Esta matemática celestial que da tanta importancia a la cifra menor, el uno, nos pone las pilas. O como diría el Papa Francisco, nos pone “en salida”. Y saca de nuestra mente la lógica mundana de “éxito”. El mundo llama “éxito” a las grandes cifras, a la masa… y el Cielo llama “éxito” a un corazón herido que ha sido sanado. Gran éxito. Gran fiesta. Gran misión. Una sola persona.
Cada persona es el “uno” que Jesús busca, encuentra y desea cargar sobre sus hombros, para llevarla de vuelta al hogar del Padre, de donde nunca debimos haber salido. Nuestra misión individual consiste, en primer lugar, en dejarnos alcanzar por Jesús. Rendirme a su amor, renunciar a mi deseo de autonomía, de independencia, de desobediencia disfrazada de libertad. Cuando le damos permiso a Dios para hacer de nosotros lo que quiera… entonces nos convierte en apóstoles. Es Él quien nos da la capacidad de ser misioneros. De Él viene la eficacia. Si quiero ser misionero… primero he de aceptar que yo mismo soy la tierra que Jesús ha de conquistar, la oveja que ha de regresar, el ciego que ha de recuperar la vista, el paralítico que no puede caminar. Y sólo entonces… ya siendo Jesús el Señor de mi vida, mi amo, mi dueño, mi médico, mi pastor… entonces puede hacer de mí un apóstol, como hizo con aquellos primeros discípulos a los que envió el Espíritu Santo, transformándoles de cobardes e inútiles en valientes y eficaces. Un milagro mayor que transformar el agua en vino. Porque el agua no pudo negarse… mientras que cada uno de nosotros sí podemos ofrecer resistencia a su gracia.

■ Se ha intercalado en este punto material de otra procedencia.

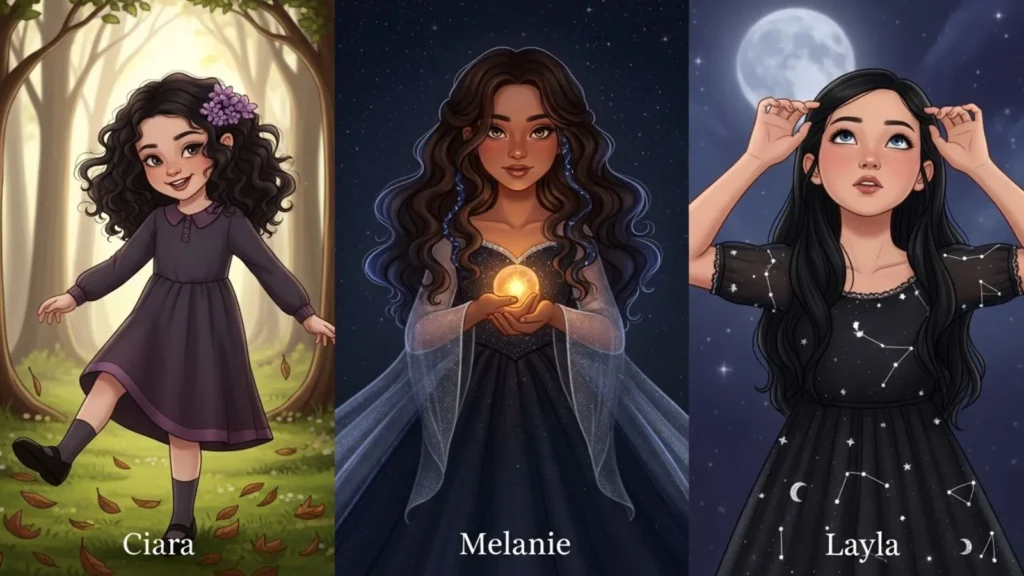 Short Girl Names Meaning Dark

“Por eso dice la Escritura: ¡Qué hermosos son los pies de los que anuncian las buenas noticias!”
La noticia de nuestra propia transformación individual da esperanza a quienes aún no han sido transformados. Contemos, con agradecimiento, que Jesús nos ha lavado los pies. Contemos nuestra personal experiencia de redención, de transformación interna y externa. Somos pruebas vivas del poder redentor de Jesucristo, hoy. “No se enciende una lámpara, para esconderla bajo la cama. Brille de tal modo vuestra luz delante de los hombres, para que al ver vuestras buenas obras, glorifiquen a vuestro Padre que está en los Cielos.” Y demos gracias a Dios por hacernos sal y luz de la tierra. “Tuyo es el reino, tuyo el poder y la gloria por siempre, Señor.”